How have all the factors above been brought together to estimate a fair value?
  • The analysts have a consensus price target of $89.143 for Western Digital based on their expectations of its future earnings growth, profit margins and other risk factors. However, there is a degree of disagreement amongst analysts, with the most bullish reporting a price target of $110.0, and the most bearish reporting a price target of just $62.0.
  • In order for you to agree with the analyst's consensus, you'd need to believe that by 2028, revenues will be $11.9 billion, earnings will come to $2.2 billion, and it would be trading on a PE ratio of 18.5x, assuming you use a discount rate of 8.4%.
  • Given the current share price of $94.54, the analyst price target of $89.14 is 6.1% lower. The relatively low difference between the current share price and the analyst consensus price target indicates that they believe on average, the company is fairly priced.
  • We always encourage you to reach your own conclusions though. So sense check these analyst numbers against your own assumptions and expectations based on your understanding of the business and what you believe is probable.

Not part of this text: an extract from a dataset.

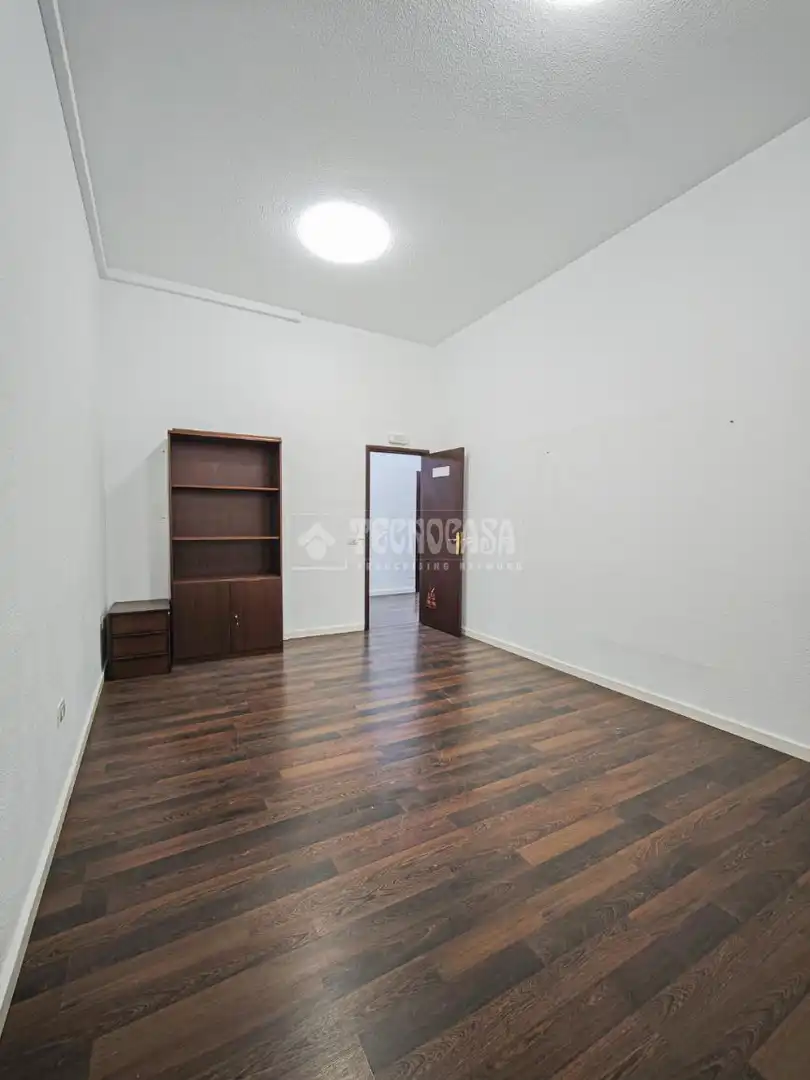 Commercial properties for sale in Arona  with Furnished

How well do narratives help inform your perspective?

Disclaimer

AnalystConsensusTarget is a tool utilizing a Large Language Model (LLM) that ingests data on consensus price targets, forecasted revenue and earnings figures, as well as the transcripts of earnings calls to produce qualitative analysis. The narratives produced by AnalystConsensusTarget are general in nature and are based solely on analyst data and publicly-available material published by the respective companies. These scenarios are not indicative of the company's future performance and are exploratory in nature. Simply Wall St has no position in the company(s) mentioned. Simply Wall St may provide the securities issuer or related entities with website advertising services for a fee, on an arm's length basis. These relationships have no impact on the way we conduct our business, the content we host, or how our content is served to users. The price targets and estimates used are consensus data, and do not constitute a recommendation to buy or sell any stock, and they do not take account of your objectives, or your financial situation. Note that AnalystConsensusTarget's analysis may not factor in the latest price-sensitive company announcements or qualitative material.